Not like the brazen giant of Greek fame,
With conquering limbs astride from land to land;
Here at our sea-washed, sunset gates shall stand
A mighty woman with a torch, whose flame
Is the imprisoned lightning, and her name
Mother of Exiles. From her beacon-hand
Glows world-wide welcome; her mild eyes command
The air-bridged harbor that twin cities frame.
“Keep, ancient lands, your storied pomp!” cries she
With silent lips. “Give me your tired, your poor,
Your huddled masses yearning to breathe free,
The wretched refuse of your teeming shore.
Send these, the homeless, tempest-tossed to me,
I lift my lamp beside the golden door!”
This poem New Colossus was written by Emma Lazarus for a fundraiser to complete the construction of the Statue of Liberty on Bedloe Island in New York Harbor in 1886. The people of France gave the copper sculpture to Americans to celebrate the emancipation of slaves and the survival of the democracy in the United States following the Civil War that ended in 1865. It had been shipped in 350 pieces, however, and was no small task to assemble – not to mention the additional $120,000 of expenses that would be necessary for the project.
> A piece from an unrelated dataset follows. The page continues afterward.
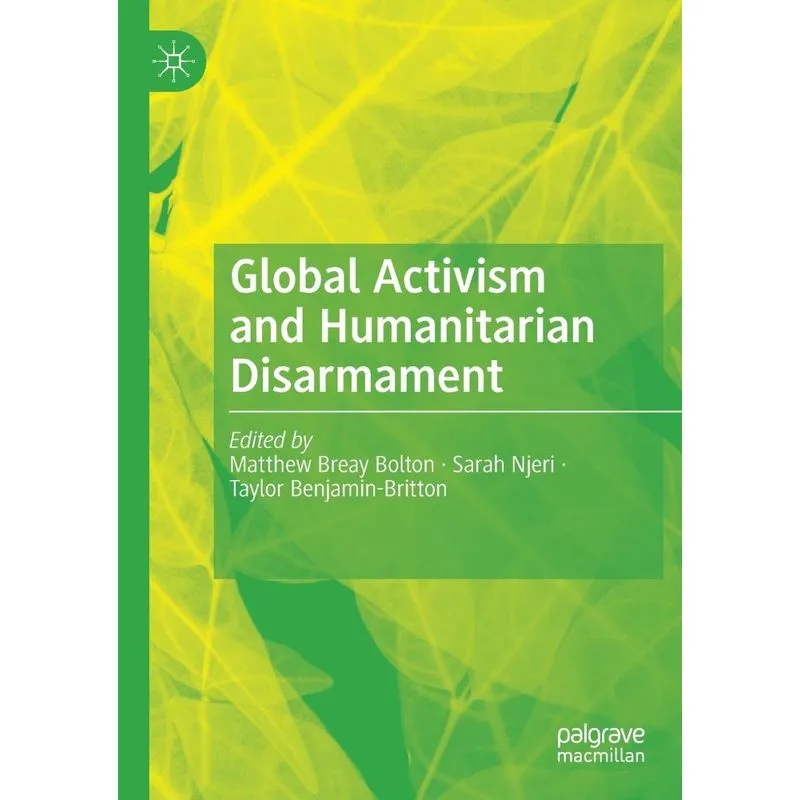 Global Activism and Humanitarian Disarmament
Emma Lazarus initially declined to participate in the Libertas construction fundraising efforts because she was very much involved in the movement to relocate Jews fleeing anti-Semitic persecution in eastern Europe and relocating them in the United States. Luckily, she reconsidered and found a way to express her own activist feelings in a poem with powerful words that have become almost as famous as the iconic statue itself in welcoming the brave people who cross oceans and continents to find a home in the land of the free. The last lines of New Colossus are on a plaque in the museum at the base of the monument.
Last night in Phoenix, Arizona – a city that is 2,400 miles from New York Harbor – a brazen giant of the very small screen rewrote New Colossus as he talked once more about building a Great Wall along the US/Mexican border to keep the huddled masses yearning to breathe free south of the border down Mexico way where they belong. Don’t send your tired…and certainly not your poor…northward. We don’t want them. As a matter of fact, we are deporting 12 million Latinos who live in this country through a hole in the Great Wall back to you. See how you like them apples, my new BFF President Nieto.
And don’t think we want any wretched refuse from your teeming shores in eastern Europe or the Mid East, either. A hundred thirty years ago in 1886 the problem we were worried about bringing over to America was the Jewish refugees – now it’s the Muslims. Sometimes it’s hard to keep straight exactly who we want and who we don’t want. But I’m pretty sure now it’s Muslims and Mexicans in the don’t want category. Hm…something about the M words…gosh, next it might be the Morrises that we need to deport. They’ve always been a suspect family group.
Innnnyhowww, as my friend Libby Levinson used to say to me, I’m thinking of a four-letter word that rhymes with Fall and it turns out to be Wall, a wall that has become a talking point in the 2016 presidential campaign in these United States by he who shall remain nameless. A wall meant to separate, to divide, to exclude – a wall that has captured the imagination of millions of potential voters in November.
When T and I drove to Sioux Falls, South Dakota in March to watch our Lady Gamecocks play basketball, we took a small detour through downtown Sioux Falls on a sleepy Sunday morning after an early spring snowfall. We were looking for the park where the actual Sioux Falls were located. I never will forget the three people, two men and one woman, who were standing on a corner of the main street in town holding a homemade sign which read: Build The Wall.
If people in the Midwest were worried about the border between my home state of Texas and neighboring Mexico, the light from the lamp of the lady in the harbor in New York City was surely gradually dimming and in danger of going out. But of course the Mother of Exiles will overcome the doubters and naysayers and continue to glow her world-wide welcome to those who need her and the Great Wall will remain where it belongs – in China.
At least, that’s what I’m counting on.